On the Hill: Professor Chris Brummer on Facebook’s Proposed Cryptocurrency and Its Impact on Consumers, Investors and the American Financial System
July 19, 2019
On July 17, Georgetown Law Professor Chris Brummer — the faculty director of the Institute of International Economic Law (IIEL) — testified before the House Financial Services Committee with respect to Libra, Facebook’s proposed cryptocurrency. The hearing was chaired by Rep. Maxine Waters (D-CA) and Ranking Member Patrick McHenry (R-NC).
In his oral and written testimony (entitled “99 Problems,” after the Jay-Z rap song), Brummer raised concerns with the official “white paper” that introduces Libra. As Brummer explained, white papers “have emerged as a common tool through which digital asset companies communicate with potential consumers and investors about new projects and ventures. However, white papers have faced mounting criticism — for their hyperbolic language, false promises and omissions of material information consumers would need before purchasing a digital asset.”
Until now, criticisms of white papers have focused largely on early-stage, cash-strapped startups — rarely multinational technology companies, Brummer said.
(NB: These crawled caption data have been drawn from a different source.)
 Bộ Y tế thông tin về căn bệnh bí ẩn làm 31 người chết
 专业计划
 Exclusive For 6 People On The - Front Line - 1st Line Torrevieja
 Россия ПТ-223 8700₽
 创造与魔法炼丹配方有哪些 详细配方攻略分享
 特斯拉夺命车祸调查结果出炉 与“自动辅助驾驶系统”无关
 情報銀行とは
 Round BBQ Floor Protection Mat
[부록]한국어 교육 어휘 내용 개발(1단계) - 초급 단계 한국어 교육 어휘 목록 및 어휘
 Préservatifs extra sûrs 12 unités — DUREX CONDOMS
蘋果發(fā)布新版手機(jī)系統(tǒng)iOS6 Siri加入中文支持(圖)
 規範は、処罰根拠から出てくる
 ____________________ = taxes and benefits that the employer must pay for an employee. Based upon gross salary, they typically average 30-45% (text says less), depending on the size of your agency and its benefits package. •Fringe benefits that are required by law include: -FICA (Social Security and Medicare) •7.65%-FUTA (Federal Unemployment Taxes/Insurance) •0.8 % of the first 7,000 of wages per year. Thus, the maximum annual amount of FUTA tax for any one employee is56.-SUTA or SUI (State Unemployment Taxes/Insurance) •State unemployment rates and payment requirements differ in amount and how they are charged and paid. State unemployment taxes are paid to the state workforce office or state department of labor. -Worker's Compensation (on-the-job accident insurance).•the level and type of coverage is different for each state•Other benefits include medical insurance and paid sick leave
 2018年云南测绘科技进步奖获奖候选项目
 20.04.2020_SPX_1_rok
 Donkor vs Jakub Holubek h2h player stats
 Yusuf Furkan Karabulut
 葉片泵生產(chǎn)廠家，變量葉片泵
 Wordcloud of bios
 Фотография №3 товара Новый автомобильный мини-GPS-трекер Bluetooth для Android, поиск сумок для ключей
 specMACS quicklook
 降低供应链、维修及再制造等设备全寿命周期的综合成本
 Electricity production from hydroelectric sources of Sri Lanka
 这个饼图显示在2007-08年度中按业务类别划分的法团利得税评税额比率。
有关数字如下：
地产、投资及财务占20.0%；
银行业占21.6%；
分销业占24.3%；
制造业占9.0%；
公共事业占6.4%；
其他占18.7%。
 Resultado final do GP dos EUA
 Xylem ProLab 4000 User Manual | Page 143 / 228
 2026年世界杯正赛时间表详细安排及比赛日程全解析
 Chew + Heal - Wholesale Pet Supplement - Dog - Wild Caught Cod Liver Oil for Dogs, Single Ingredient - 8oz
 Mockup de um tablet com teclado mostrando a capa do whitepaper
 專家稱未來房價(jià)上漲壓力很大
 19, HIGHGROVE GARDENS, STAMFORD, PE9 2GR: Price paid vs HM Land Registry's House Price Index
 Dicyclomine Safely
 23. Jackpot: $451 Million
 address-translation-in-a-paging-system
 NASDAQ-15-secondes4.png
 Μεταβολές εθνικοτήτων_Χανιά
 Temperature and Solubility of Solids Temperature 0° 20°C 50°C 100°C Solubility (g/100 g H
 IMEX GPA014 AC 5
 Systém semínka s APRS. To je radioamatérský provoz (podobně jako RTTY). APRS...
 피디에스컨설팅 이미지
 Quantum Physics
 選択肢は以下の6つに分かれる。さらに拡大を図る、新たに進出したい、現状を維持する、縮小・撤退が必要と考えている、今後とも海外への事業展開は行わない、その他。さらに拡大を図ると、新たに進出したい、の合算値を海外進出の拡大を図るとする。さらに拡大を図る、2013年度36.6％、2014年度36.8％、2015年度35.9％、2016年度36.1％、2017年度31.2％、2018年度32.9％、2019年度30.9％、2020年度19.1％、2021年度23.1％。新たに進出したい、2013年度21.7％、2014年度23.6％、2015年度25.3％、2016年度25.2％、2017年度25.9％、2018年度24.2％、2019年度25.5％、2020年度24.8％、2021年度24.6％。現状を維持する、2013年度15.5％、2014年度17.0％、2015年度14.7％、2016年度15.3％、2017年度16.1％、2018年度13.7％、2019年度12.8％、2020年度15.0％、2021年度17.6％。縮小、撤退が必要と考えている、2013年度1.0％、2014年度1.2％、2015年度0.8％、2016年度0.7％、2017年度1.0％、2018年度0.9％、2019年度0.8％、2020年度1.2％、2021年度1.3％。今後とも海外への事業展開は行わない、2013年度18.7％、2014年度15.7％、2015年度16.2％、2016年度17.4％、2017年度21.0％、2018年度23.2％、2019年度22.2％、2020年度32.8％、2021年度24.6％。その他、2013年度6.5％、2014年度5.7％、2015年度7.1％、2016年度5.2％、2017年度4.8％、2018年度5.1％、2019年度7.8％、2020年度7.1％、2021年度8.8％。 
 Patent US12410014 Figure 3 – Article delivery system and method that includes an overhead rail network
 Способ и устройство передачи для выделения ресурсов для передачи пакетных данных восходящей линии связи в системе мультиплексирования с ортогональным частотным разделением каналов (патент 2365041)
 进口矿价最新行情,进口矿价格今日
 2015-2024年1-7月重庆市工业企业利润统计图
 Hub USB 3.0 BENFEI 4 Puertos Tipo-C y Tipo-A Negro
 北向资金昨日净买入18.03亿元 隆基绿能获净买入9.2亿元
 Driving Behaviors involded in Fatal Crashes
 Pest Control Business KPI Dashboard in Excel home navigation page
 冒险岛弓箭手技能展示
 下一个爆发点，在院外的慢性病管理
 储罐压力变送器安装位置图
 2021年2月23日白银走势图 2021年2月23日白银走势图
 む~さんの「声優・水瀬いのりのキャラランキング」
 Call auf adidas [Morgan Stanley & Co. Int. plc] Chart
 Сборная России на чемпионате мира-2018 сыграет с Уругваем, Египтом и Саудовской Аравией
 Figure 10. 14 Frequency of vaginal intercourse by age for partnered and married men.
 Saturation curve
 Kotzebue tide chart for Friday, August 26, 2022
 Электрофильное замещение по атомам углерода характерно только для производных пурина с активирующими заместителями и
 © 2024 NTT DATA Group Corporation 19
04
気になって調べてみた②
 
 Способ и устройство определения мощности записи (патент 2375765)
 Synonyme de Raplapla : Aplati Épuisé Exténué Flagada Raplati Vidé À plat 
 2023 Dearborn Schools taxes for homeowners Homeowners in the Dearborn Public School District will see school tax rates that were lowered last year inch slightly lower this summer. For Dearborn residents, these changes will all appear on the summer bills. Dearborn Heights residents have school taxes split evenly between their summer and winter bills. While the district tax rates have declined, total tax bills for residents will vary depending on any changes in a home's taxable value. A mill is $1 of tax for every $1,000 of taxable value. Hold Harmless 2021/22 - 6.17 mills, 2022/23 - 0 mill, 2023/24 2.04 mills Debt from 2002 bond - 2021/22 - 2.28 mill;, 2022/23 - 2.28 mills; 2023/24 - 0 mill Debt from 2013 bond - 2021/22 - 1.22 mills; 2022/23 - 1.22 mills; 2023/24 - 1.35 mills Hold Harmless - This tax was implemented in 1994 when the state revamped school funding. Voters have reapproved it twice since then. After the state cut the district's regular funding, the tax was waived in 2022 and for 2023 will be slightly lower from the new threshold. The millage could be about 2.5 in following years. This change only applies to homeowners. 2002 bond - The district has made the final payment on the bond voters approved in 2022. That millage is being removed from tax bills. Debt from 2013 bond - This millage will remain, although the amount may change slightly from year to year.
“The Libra white paper is peppered with big promises and few details,” he said, adding that the project involves a risk to purchasers and potentially the financial system that is not disclosed. “Even for me, a staunch supporter of innovation and upgrades for our financial system, this is, at a minimum, disappointing. The white paper is…intended to condition the market for the adoption of a product that Facebook wishes to sell to billions of people around the world. The lapses are all the more problematic given the securities-like features of Libra coins and possible implication of U.S. securities laws.”
Brummer outlined some of the red flags: “The Libra white paper fails to inform people in unambiguous terms that they [could] lose their money, and that runs on the coin are possible. Instead, [it] routinely suggests and doubles down on the idea that Libra will virtually always provide stability in terms of the purchasing power of the new currency,” he said, adding that this is not necessarily the case.
“The Libra is subject to foreign currency risk, something the white paper does not clearly acknowledge. Indeed, the coin could cost their holders money in the form of lost purchasing power should there be a run on any one of the underlying currencies in the basket. Moreover, runs on the Libra itself could be catalyzed for reasons that have nothing to do with the underlying basket, including a hack…or revelations that sensitive consumer data had been shared with Facebook or other Libra Association members.”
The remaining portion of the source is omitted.